Here is a nice, printable, breakdown of fallacies commonly deployed in argument. Helpfully, the authors have also provided an example of analysis, applying the typology to a published opinion on same-sex marriage penned by Cardinal O’Brien, Britain’s foremost catholic cleric.

Comments

  1. This is very nicely done. One may keep in mind as well How to Lie with Statistics by Darrell Huff from 1954, still in print and a good read.

  2. It’s easy to make a strong argument (with examples) that many of the listed fallacies are description of valid modes of argument in law.

  3. I second David. These are only fallacies if we are thinking about strictly deductive arguments. If we think about what might make us update our prior belief about the likelihood of something being true, expert opinion, general opinion, tradition, etc. might be perfectly good reasons to change our minds.

  4. I am inclined to follow David and Gareth: the fact that a proposition is not logically necessary does not mean that it is false. Not all valid arguments are syllogisms.

    However, the guide is useful because it makes us examine our reasons for believing what we believe, and may send us looking for better evidence. “The life of law is not logic but experience.”

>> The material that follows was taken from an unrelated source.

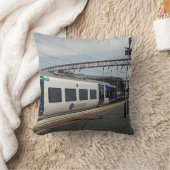 Coussin Train bleu et blanc (Couverture)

  5. As written by Oliver Wendell Holmes in The Common Law (Boston: Little, Brown & Co., 1981) at p. 1:

    “The life of the law has not been logic: it has been experience. The felt necessities of the time, the prevalent moral and political theories, intuitions of public policy, avowed or unconscious, even the prejudices which judges share with their fellow-men, have had a good deal more to do than the syllogism in determining the rules by which men should be governed.”